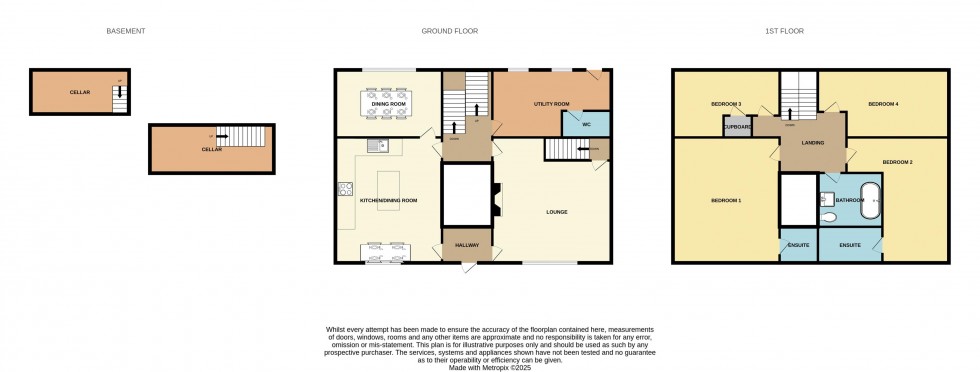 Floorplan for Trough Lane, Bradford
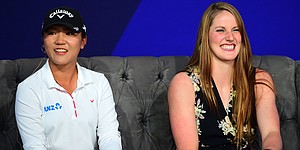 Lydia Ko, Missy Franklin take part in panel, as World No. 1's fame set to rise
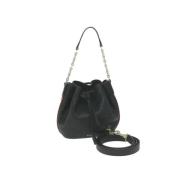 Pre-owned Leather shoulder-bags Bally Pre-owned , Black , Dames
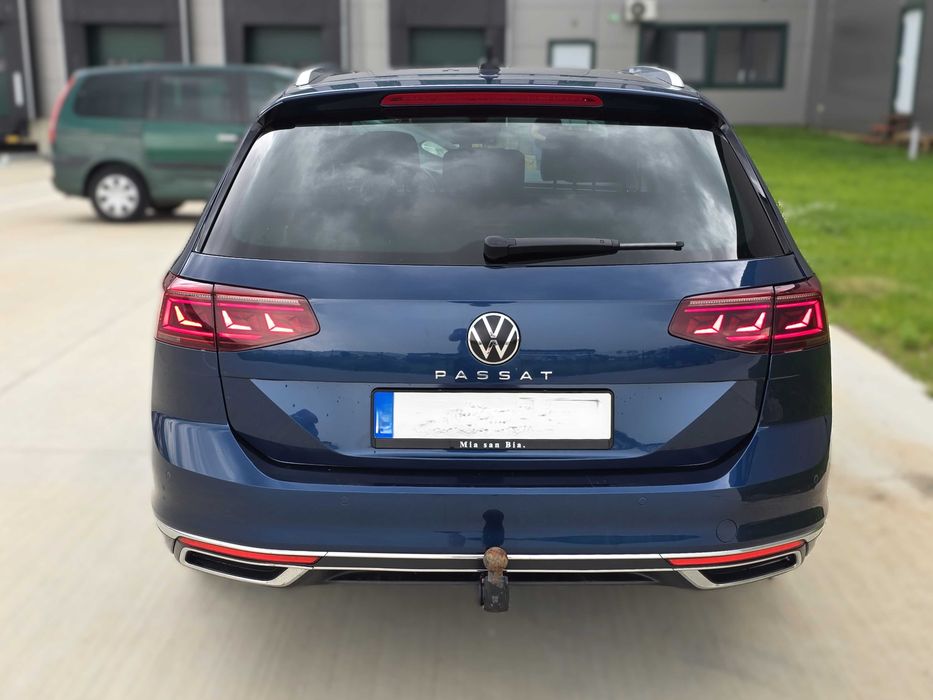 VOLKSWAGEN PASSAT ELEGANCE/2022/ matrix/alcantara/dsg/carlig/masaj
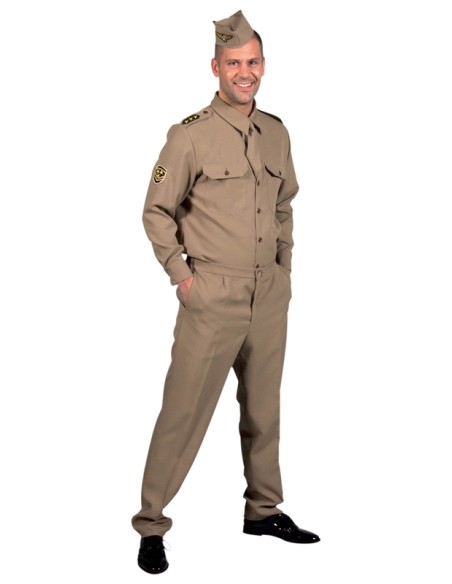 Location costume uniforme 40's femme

Exercise prompt ▸ The copy should hold, exactly, the lines from the one containing "VOLKSWAGEN PASSAT ELEGANCE/2022/" to the final line of the listing above, with both ends present and no pictures.

Solution to the problem ▸
 VOLKSWAGEN PASSAT ELEGANCE/2022/ matrix/alcantara/dsg/carlig/masaj
 Location costume uniforme 40's femme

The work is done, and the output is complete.